Web page caption snippets

== Segment start ==

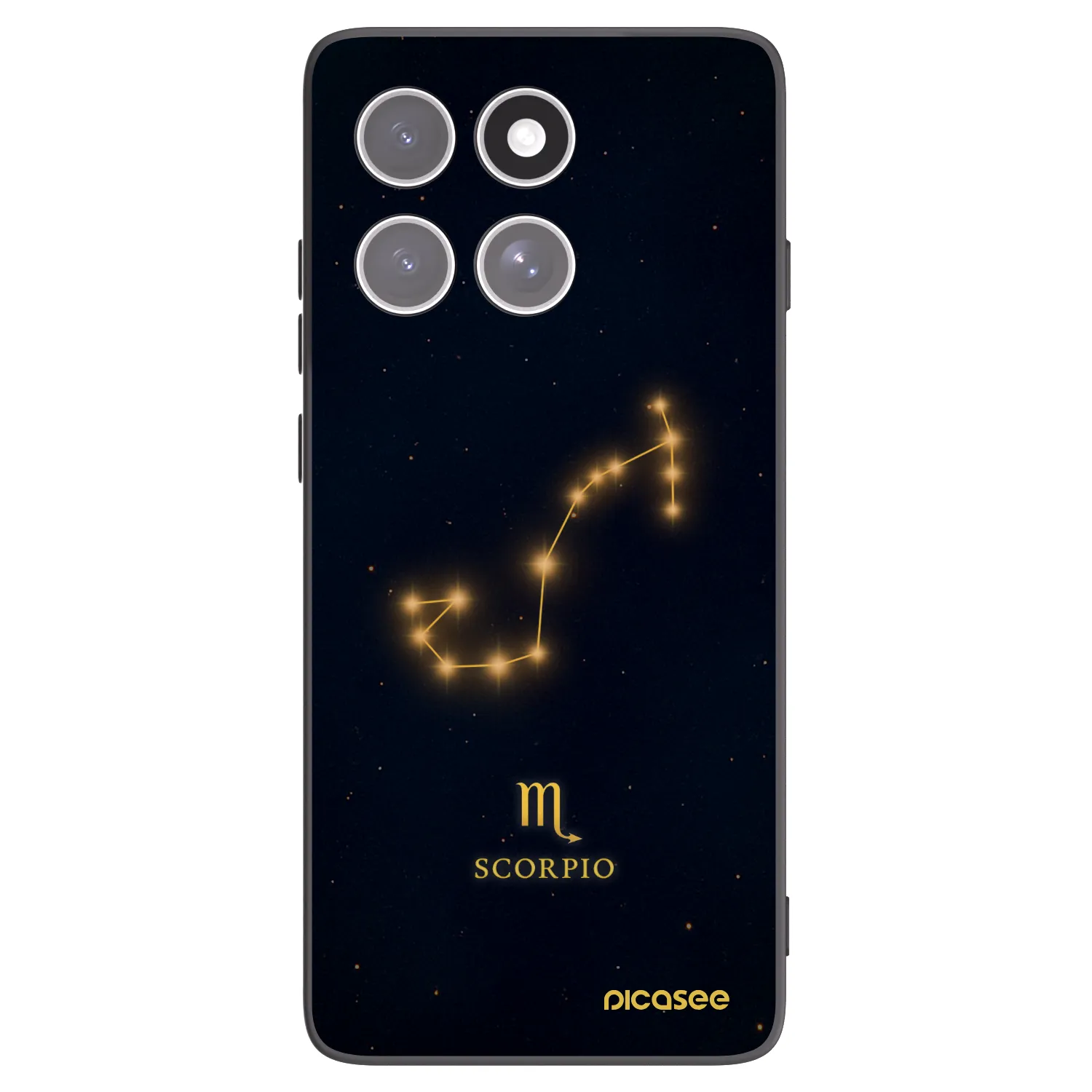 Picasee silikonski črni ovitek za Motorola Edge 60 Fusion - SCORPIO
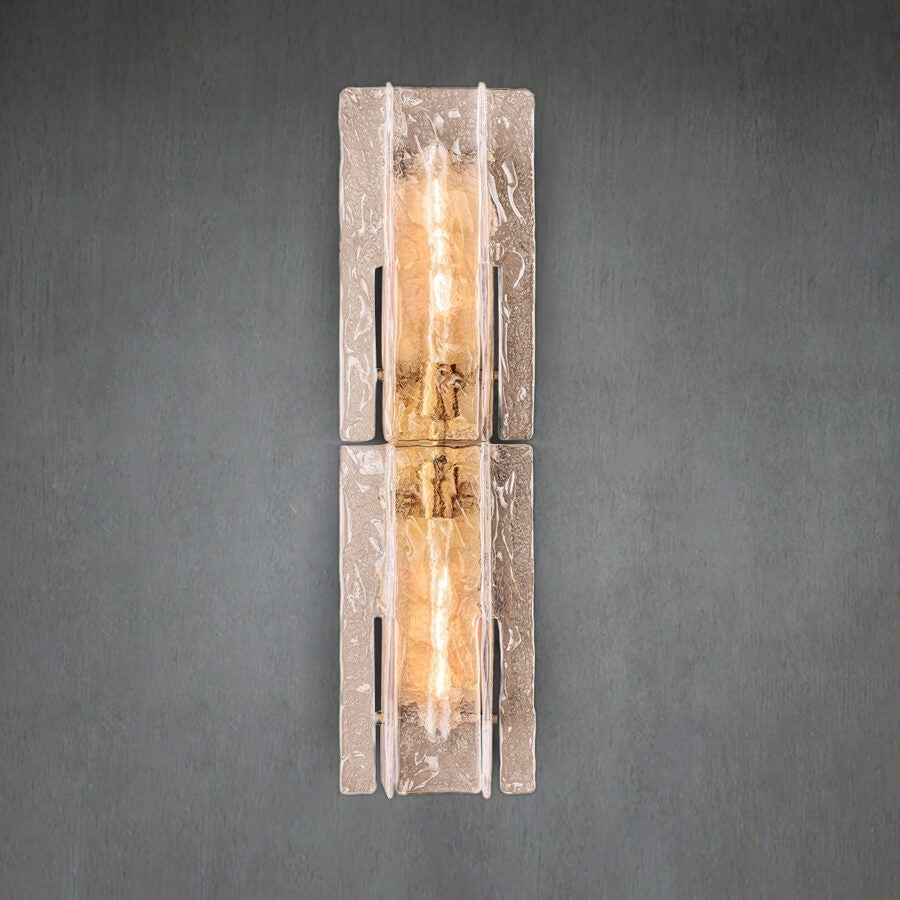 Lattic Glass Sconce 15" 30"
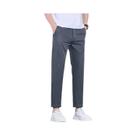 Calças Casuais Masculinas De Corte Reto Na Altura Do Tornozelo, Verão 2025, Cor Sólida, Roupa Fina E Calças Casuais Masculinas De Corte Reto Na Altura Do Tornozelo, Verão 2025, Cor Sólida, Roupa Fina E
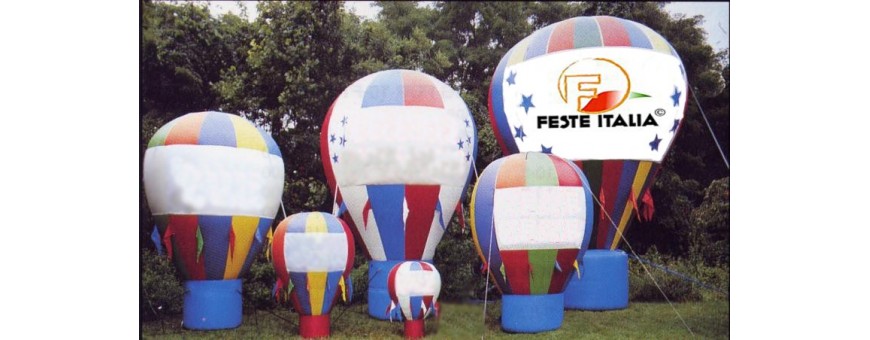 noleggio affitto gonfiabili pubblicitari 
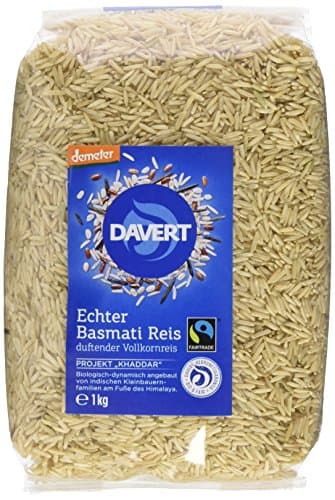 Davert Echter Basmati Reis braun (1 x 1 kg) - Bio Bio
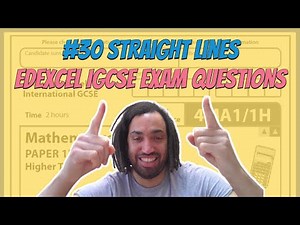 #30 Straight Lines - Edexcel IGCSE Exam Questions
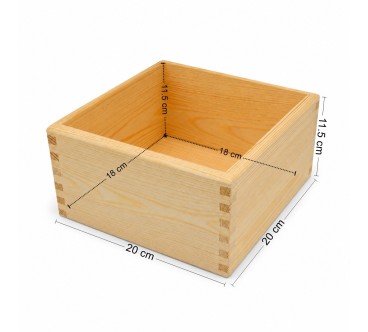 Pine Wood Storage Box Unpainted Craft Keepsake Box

== Segment end ==

-- Assigned task --
Provide the lines again, unchanged, from where the data above begins through the line containing "#30 Straight Lines", both ends included, omitting pictures and adding nothing.

-- Response box --
 Picasee silikonski črni ovitek za Motorola Edge 60 Fusion - SCORPIO
 Lattic Glass Sconce 15" 30"
 Calças Casuais Masculinas De Corte Reto Na Altura Do Tornozelo, Verão 2025, Cor Sólida, Roupa Fina E Calças Casuais Masculinas De Corte Reto Na Altura Do Tornozelo, Verão 2025, Cor Sólida, Roupa Fina E
 noleggio affitto gonfiabili pubblicitari 
 Davert Echter Basmati Reis braun (1 x 1 kg) - Bio Bio
 #30 Straight Lines - Edexcel IGCSE Exam Questions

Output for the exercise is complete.